UDC 676.2.024.741:676.014.44

  • Chernaya Natalʼya Viktorovna − DSc (Engineering), Professor, Professor, the Department of Chemical Processing of Wood. Belarusian State Technological University (13a, Sverdlova str., 220006, Minsk, Republic of Belarus). E-mail: chornaya@belstu.by

  • Herman Nataliya Aleksandrovna − PhD (Engineering), Senior Lecturer, the Department of Сhemical Processing of Wood. Belarusian State Technological University (13a, Sverdlova str., 220006, Minsk, Republic of Belarus). E-mail: natalka_wow@mail.ru

  • Chernysheva Tamara Vladimirovna − Senior Researcher, the Department of Сhemical Processing of Wood. Belarusian State Technological University (13a, Sverdlova str., 220006, Minsk, Republic of Belarus). E-mail: chernysheva@belstu.by

  • Dashkevich Svetlana Arkad’yevna − Trainee Junior Researcher, the Department of Сhemical Processing of Wood. Belarusian State Technological University (13a, Sverdlova str., 220006, Minsk, Republic of Belarus). E-mail: dashkevich@belstu.by

DOI: https://doi.org/10.52065/2520-2669-2022-259-2-79-93

Key words: coagulates, coagulates, peptized particles, homocoagulation, heteroadagulation.

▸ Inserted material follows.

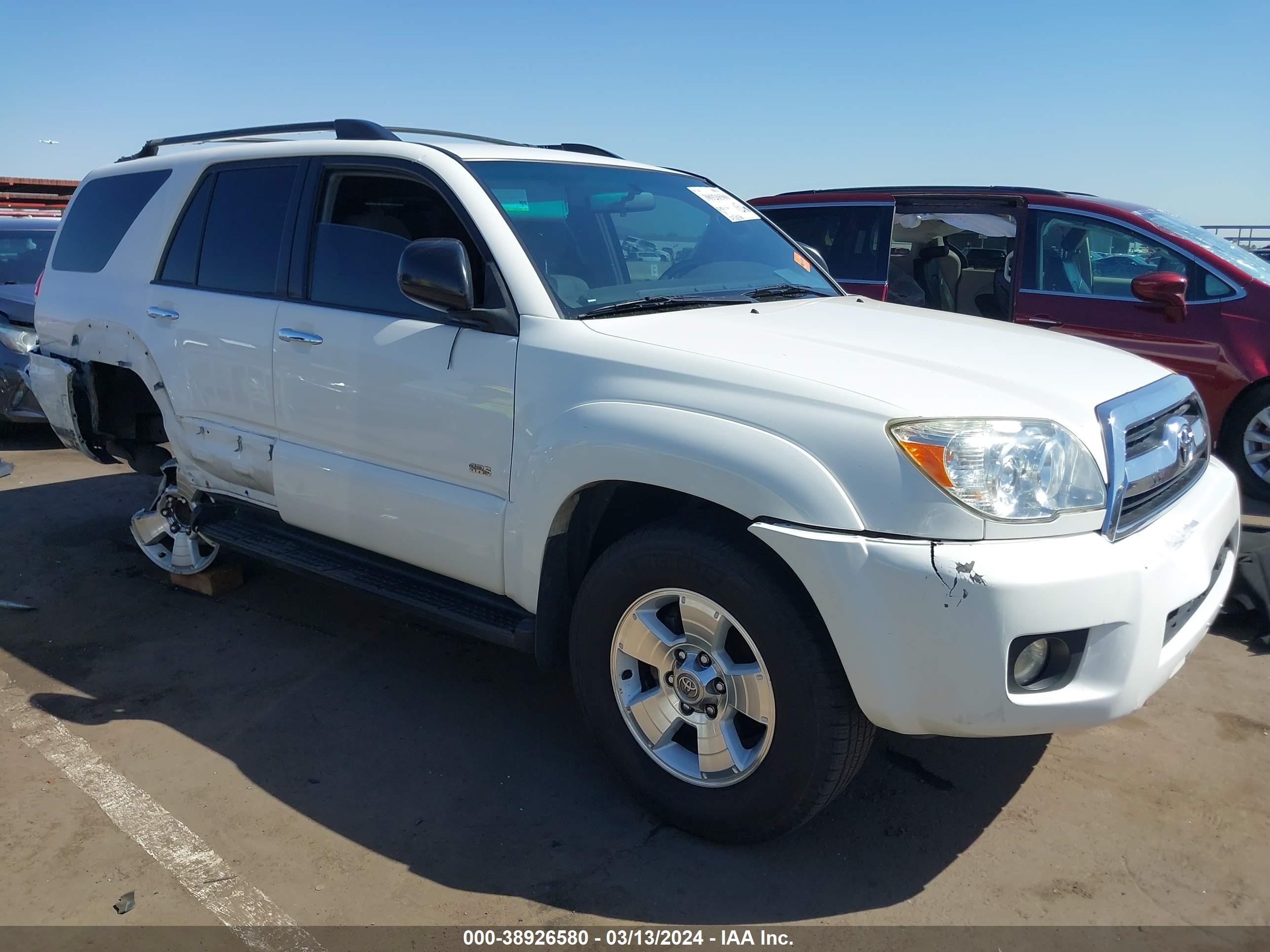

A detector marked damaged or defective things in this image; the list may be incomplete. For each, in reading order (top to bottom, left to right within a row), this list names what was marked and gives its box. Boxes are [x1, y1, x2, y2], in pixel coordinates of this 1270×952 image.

For citation: Chernaya N. V., Herman N. A., Chernysheva Т. V., Dashkevich S. A. Features of the structure and properties of sizing complexes when hydrophobizing paper and cardboard neutral and highly resinours rosin emulsions. Proceedings of BSTU, issue 2, Chemical Engineering, Biotechnologies, Geoecology, 2022, no. 2 (259), pp. 79–93 (In Russian). DOI: https://doi.org/10.52065/2520-2669-2022-259-2-79-93.

Abstract

The structure (core, adsorption and diffusion layers) and properties (dispersion, electrokinetic potential and hydrophobic ability) of sizing complexes depend on the content of electrolyte in the dispersed system Al2(SO4)3 and ions present Al(H2O)6 3+, Аl(H2O)5(OH)2+, Al(H2O)4(OH)2 + and SO4 2–. Increasing the ratio of rosin emulsion: electrolyte from 1: 0.10 to 1: 3.00 and more leads to processes in six areas. Negatively charged coagulables are formed in region I. In the detected regions II–IV (proposed technology) the coagulation process takes place first (region II − peptizing coagulates are formed), then peptization of coagulates takes place (region III − new sizing complexes are formed in the form of fine positively charged peptized particles); in region IV, the new particles retain their aggregative stability and have high hydrophobic properties. Areas V and VI (existing technology) are characterized by increased electrolyte content, which leads to the resumption of the coagulation process and reduced hydrophobic properties of sizing complexes, as first formed coarse electroneutral coagulates (region V), unable to peptize, and then they continue to aggregate (region VI), forming precipitation. It was found that the replacement of coagulates (existing technology) with peptized particles (proposed technology) allows to shift the process of sizing fibrous suspensions (cellulose and waste paper) from the traditional mode of homocoagulation to a more efficient mode of heteroadagulation. The consequence of this is the improvement of the hydrophobicity of paper and cardboard by 1.9–2.7 times due to the reduction of absorbency with one-sided wetting from 30–40 to 11–21 g/m2.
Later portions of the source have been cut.